About this exercise:
Using the data below, restate exactly every line from the one with "Thermal Printer - Photo" up to and including the one with "ABB Process Control". No picture belongs in it.

Given records:
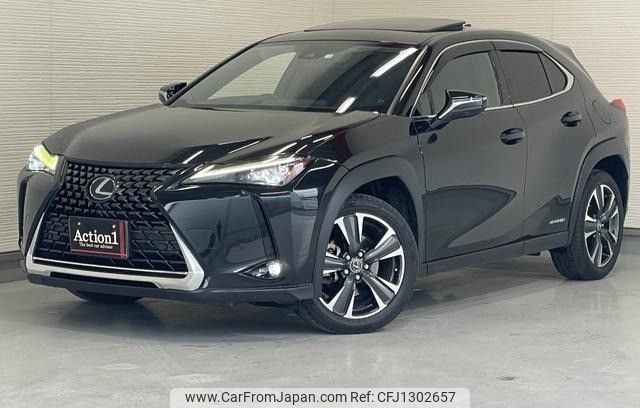 lexus ux 2020 120 image 1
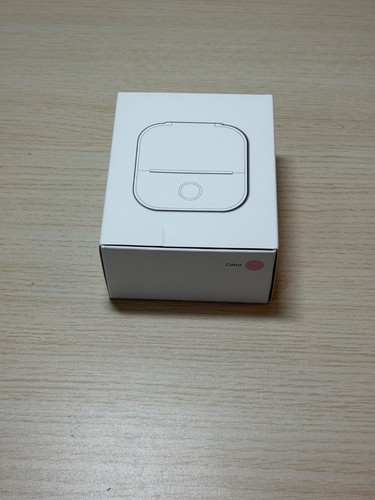 Thermal Printer - Photo Printer,Mini Portable Wireless Printer for IOS & Android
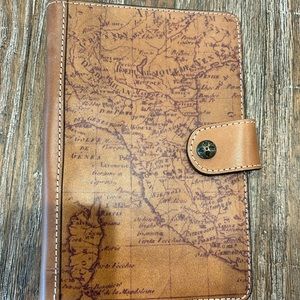 Patricia Nash Calendar Schedule book Italy Map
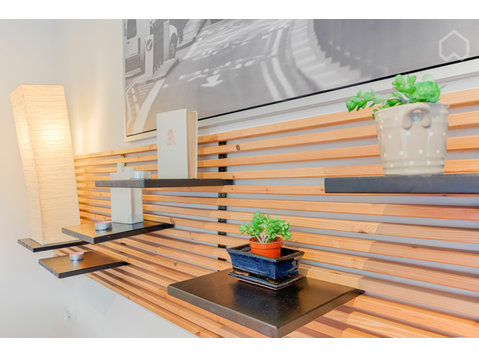 Quiet, fantastic flat (Stuttgart) - For Rent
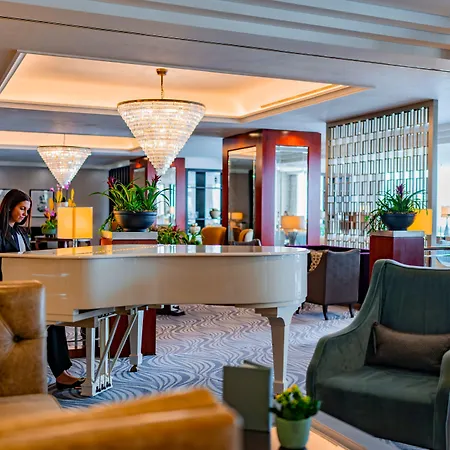 Grand Towers - Czech Leading 5* Praag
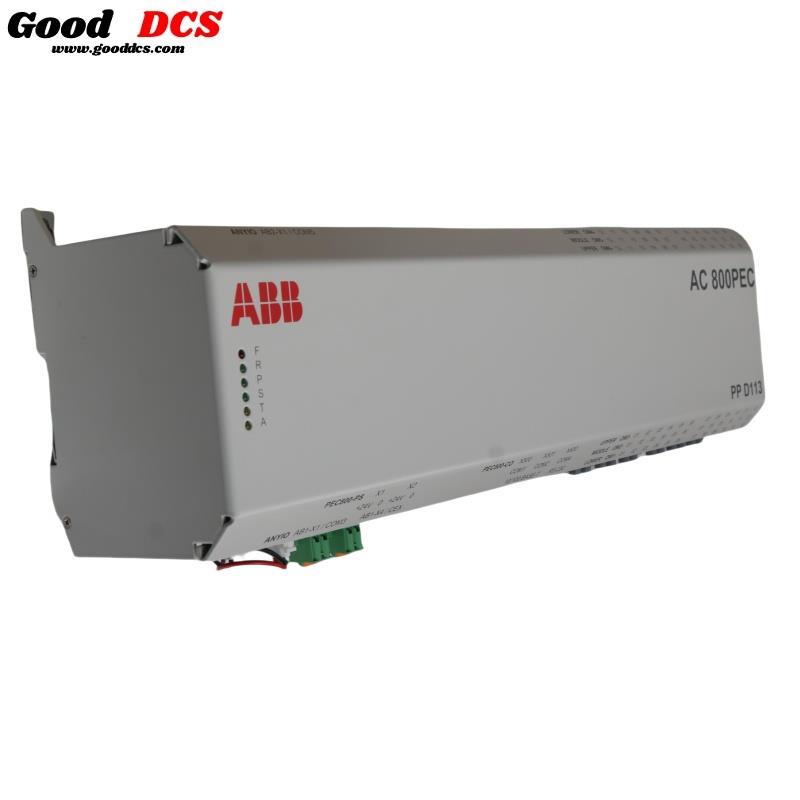 ABB Process Control Module 3BHE023584R2060 PPD113 B03 R2060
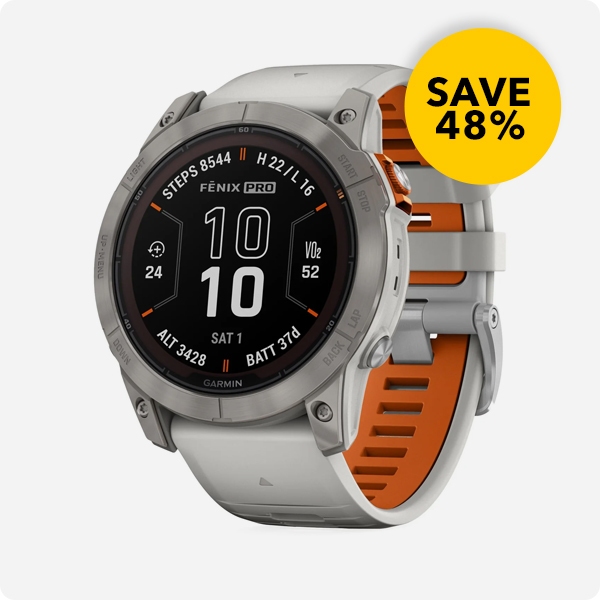 Fenix 7X Pro Smart Watch
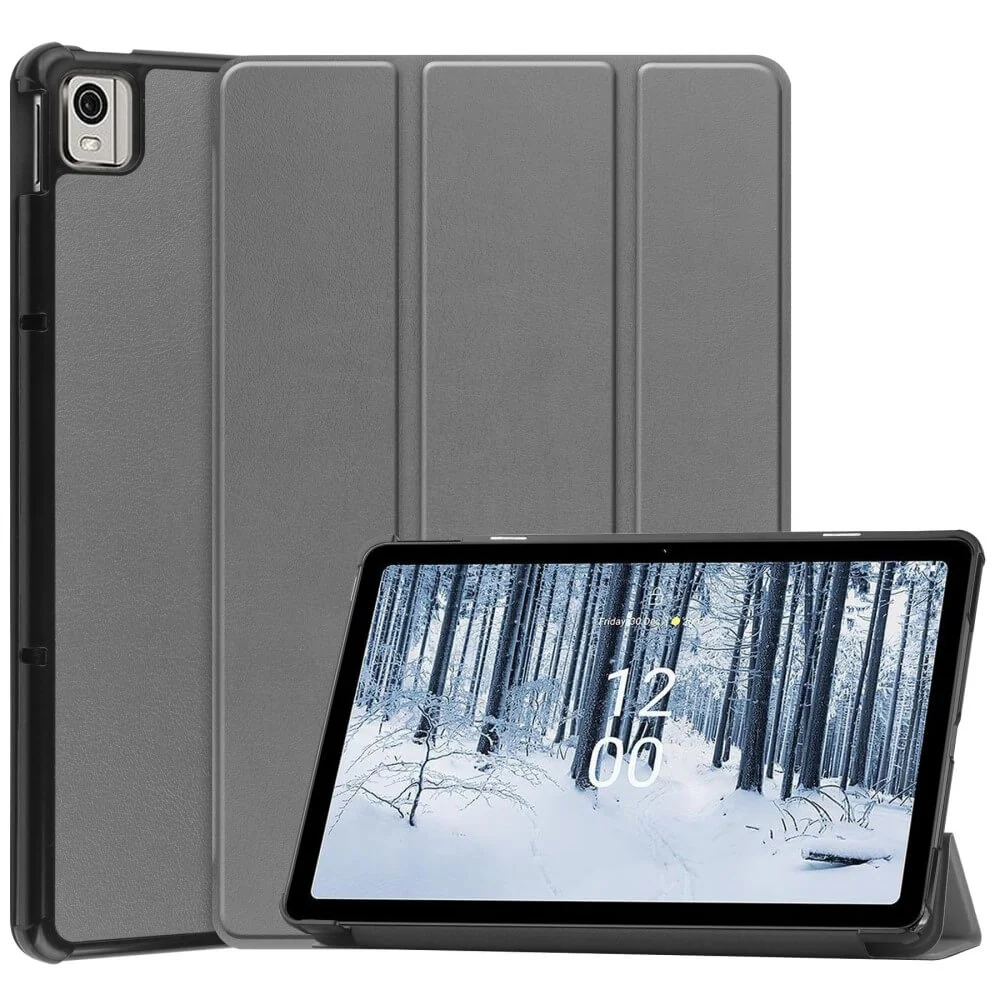 Nokia T21 - Tri-fold Smart Case - Image 24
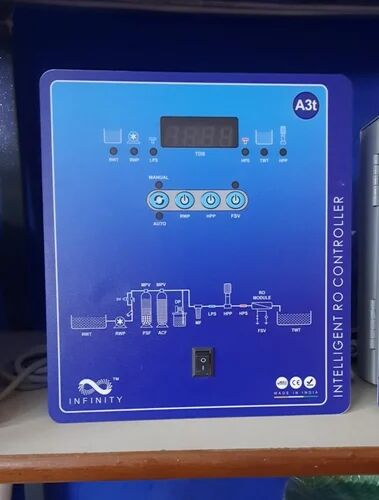 Single Phase Control Panel, Voltage : 220/240 V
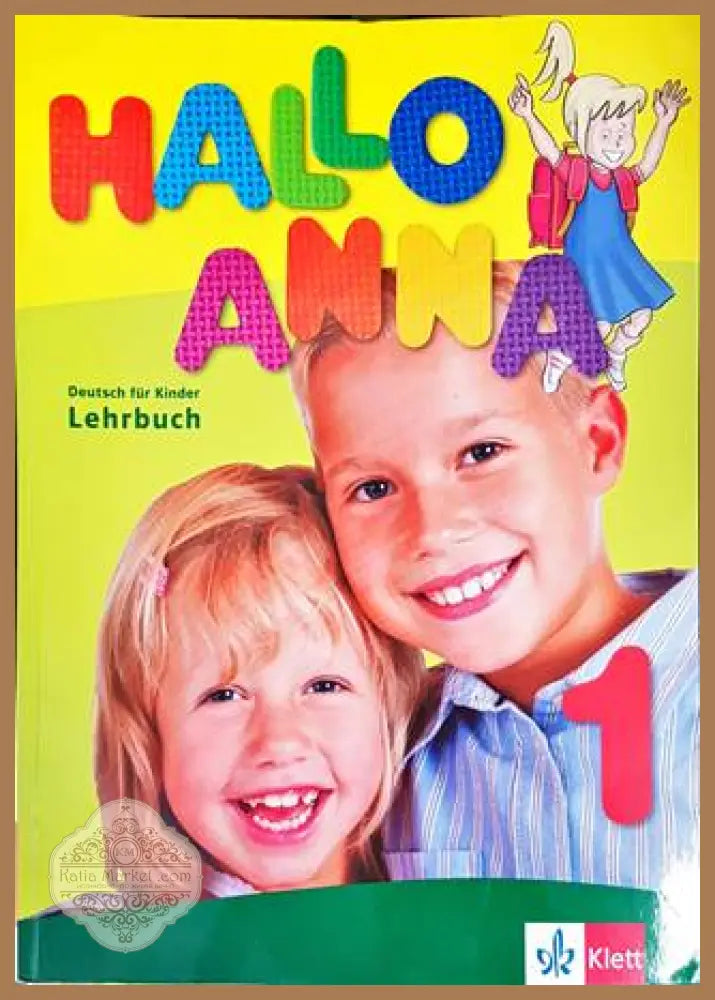 Hallo Anna - Olga Swerlowa - Книги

Written answer:
 Thermal Printer - Photo Printer,Mini Portable Wireless Printer for IOS & Android
 Patricia Nash Calendar Schedule book Italy Map
 Quiet, fantastic flat (Stuttgart) - For Rent
 Grand Towers - Czech Leading 5* Praag
 ABB Process Control Module 3BHE023584R2060 PPD113 B03 R2060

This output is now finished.